After the translators have done sufficient work on certain languages, pull the .po files for those languages from Zanata by using the language flag. For example, pulling the German translations:

zanata-cli pull -l de-DE --disable-ssl-cert

Tip: Only building languages that reach a certain percentage of translation completion, say 70%, allows the document to be more easily read in that language.

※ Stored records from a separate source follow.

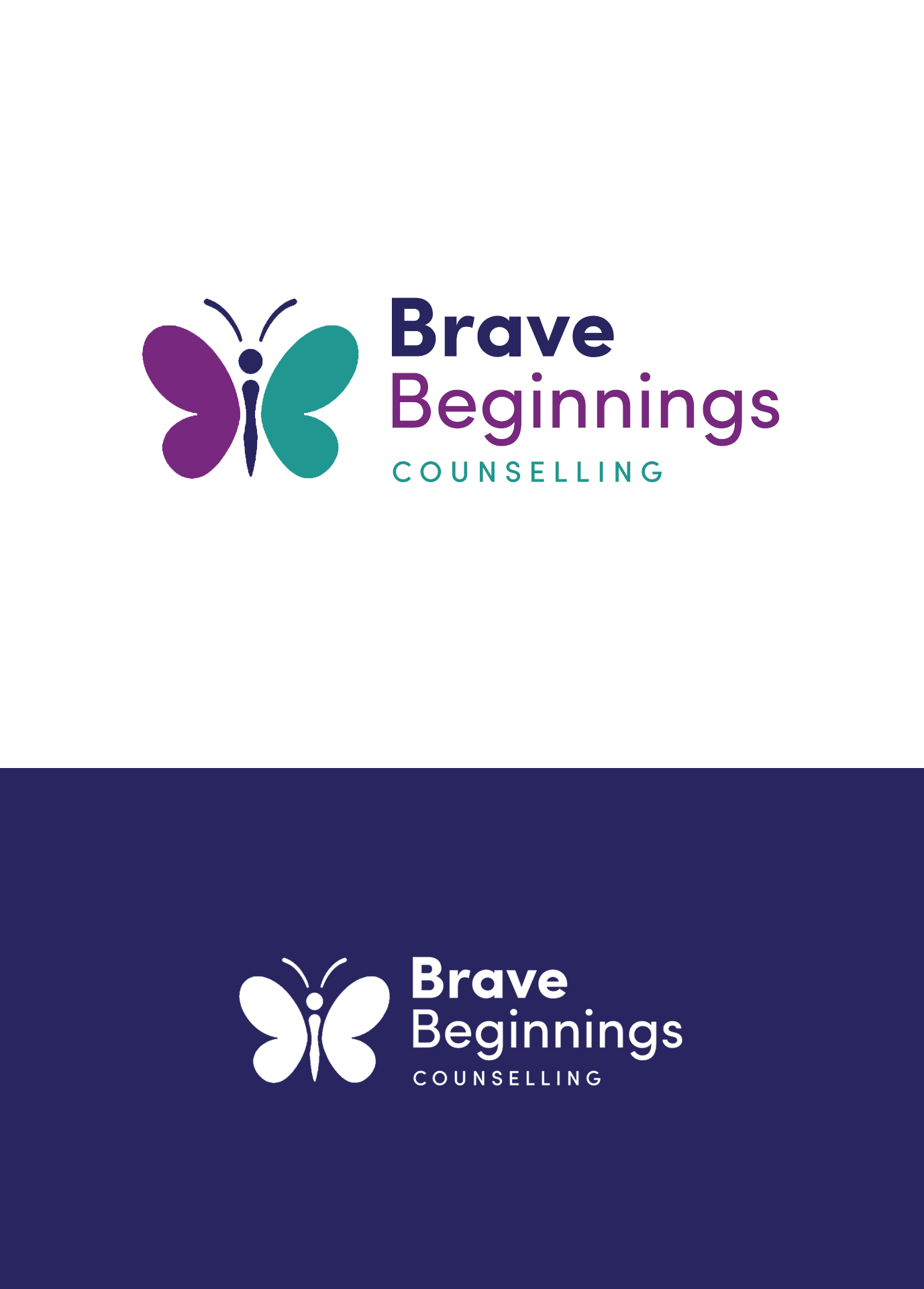 Logo Design by DesignDot71 for Bravehearts | Design #37450602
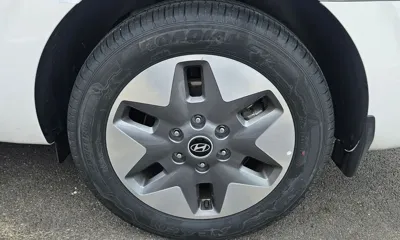Hyundai Staria 2025, 11562 км, за 15738.74 USD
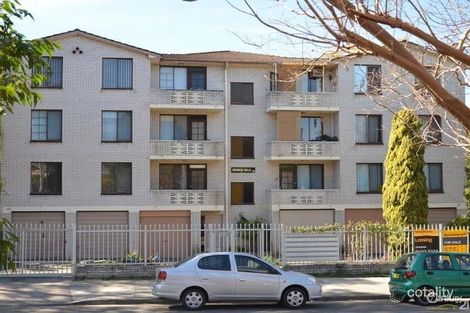 14/26 Goulburn St, Liverpool, NSW 2170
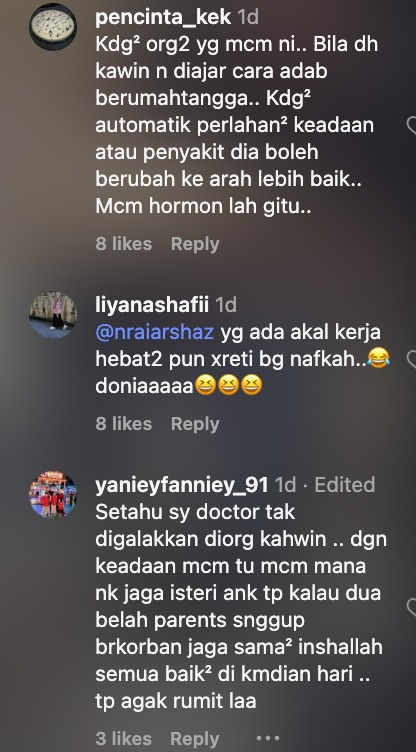 Anak Autism Zarina Zainuddin Temui Cinta Hati Baru, Netizen Persoal – “Syarat Jadi Suami Kena Berakal..”
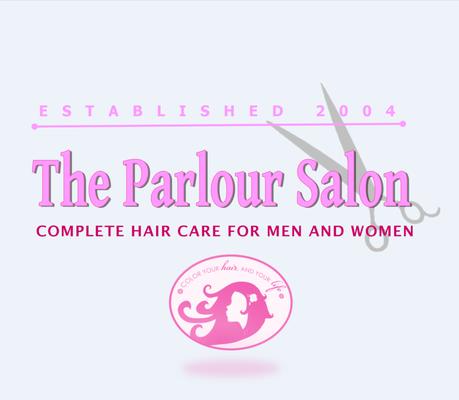 The Parlour Salon
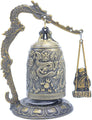 Fengshui Vintage Small Dragon Bell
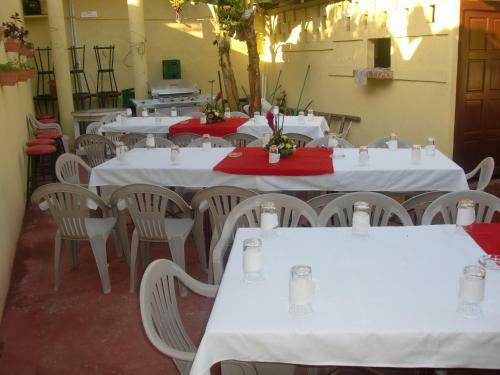 Hotel Charly`s, El Viejo Chinandega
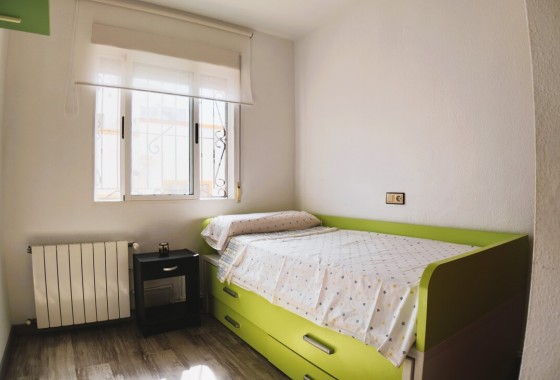 Revente - Duplex - Los Altos - Dream Hills - Costa Blanca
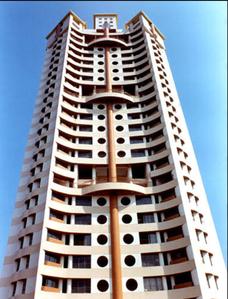 Project Image of 1590 Sq.ft 3 BHK Duplex for sale in Malad West for Rs. 70000000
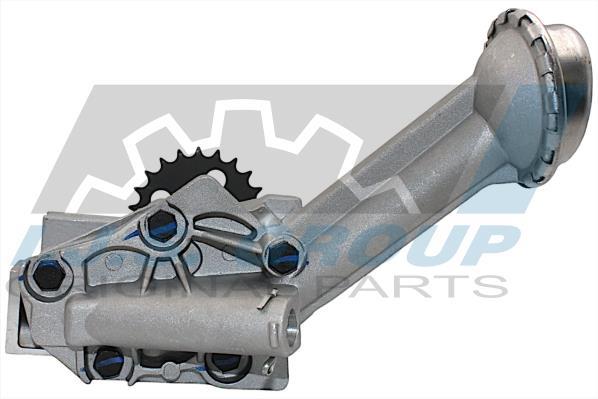 Bomba do óleo motor IJS ref. 60-1130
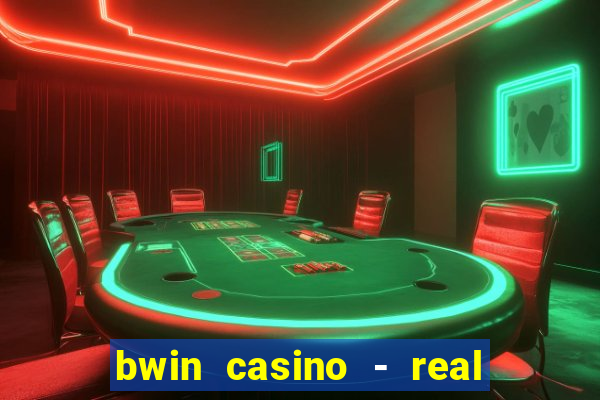 bwin casino - real money games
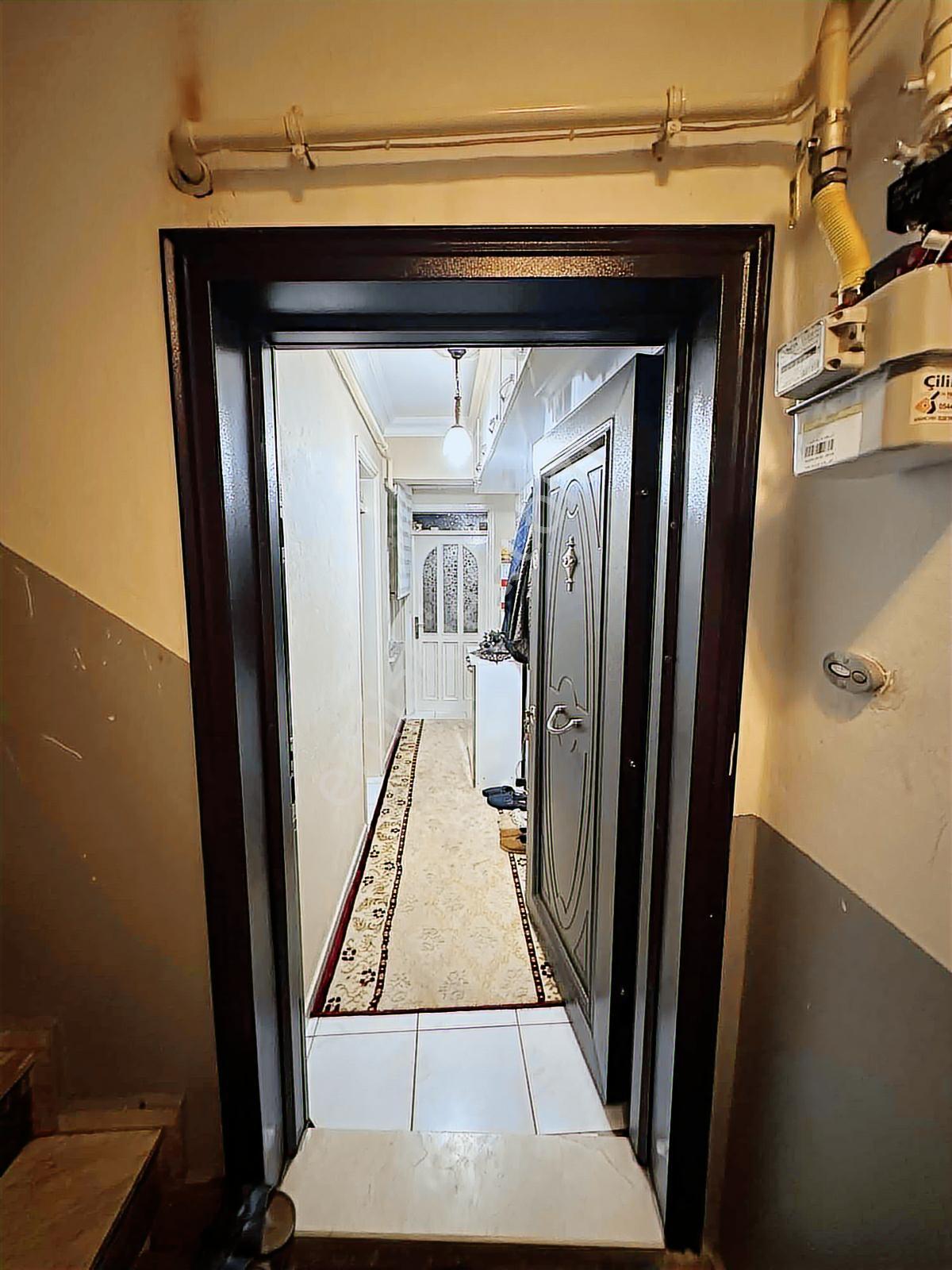 Karacabey Türker Bloklarında Satılık Ara Kat Bakımlı Daire - Görsel 3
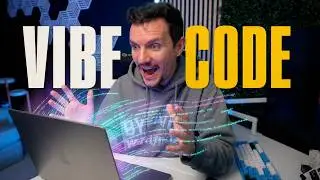 How to Start Vibe Coding in 2026 (How I Built My Startup)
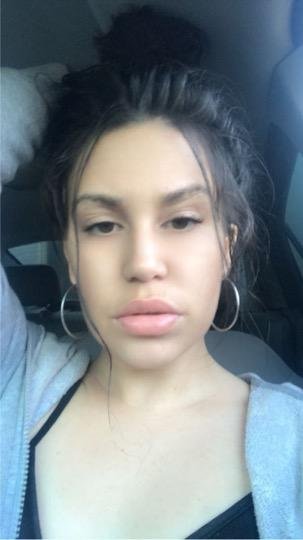 19-Year-Old Starr: Latina Escort Offering the Full Oakland Fantasy 9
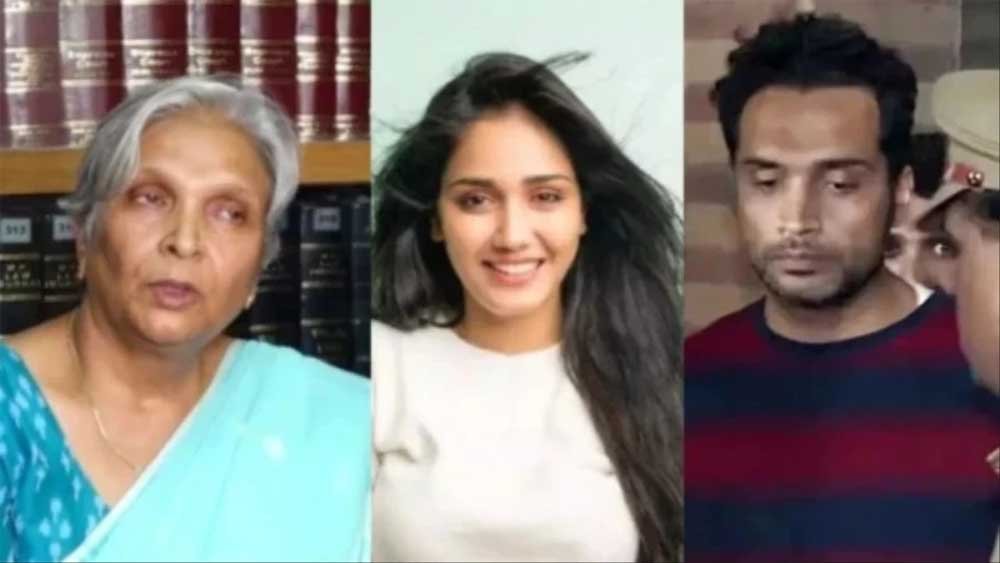 त्विषा शर्मा मौत मामले में बड़ा मोड़, भोपाल से दिल्ली ट्रायल शिफ्ट करने के पक्ष में CBI त्विषा शर्मा मौत मामले में बड़ा मोड़, भोपाल से दिल्ली ट्रायल शिफ्ट करने के पक्ष में CBI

Now it is possible to build with the latest translations for a language:

sphinx-build -b html -D language=de_DE ./docs/source/ ./build/de_DE/latest/

To simplify this process you can combine those steps in a shell script, build.sh. You can even run zanata-cli in non-interactive mode so that it is more portable for your continuous deployment pipeline:

#!/bin/bash

# build .pot files
sphinx-build -b gettext -t i18n ./docs/source/ ./templates/

# push .pot files to Zanata
zanata-cli -B push --url https://translate.zanata.org/ --username YOUR_USERNAME --key YOUR_KEY --disable-ssl-cert

# pull latest .po files from Zanata for each translated language
for locale in de-DE es; do
   zanata-cli -B pull --url https://translate.zanata.org/ --username YOUR_USERNAME --key YOUR_KEY -l $locale --disable-ssl-cert
done

# build translated docs for each language
for lang in de_DE es; do
   sphinx-build -b html -D language=$lang ./docs/source/ ./build/$lang/latest
done

Optionally, in order to keep search engines from choosing a semi-translated language for English search results, a fairly common problem which may puzzle your users, you can use my sphinx-sitemap extension to auto-generate a multi-lingual sitemap for your documentation.

Note: Shout out to Frank Kloeker for helping me get through this the first time with his i18n docs.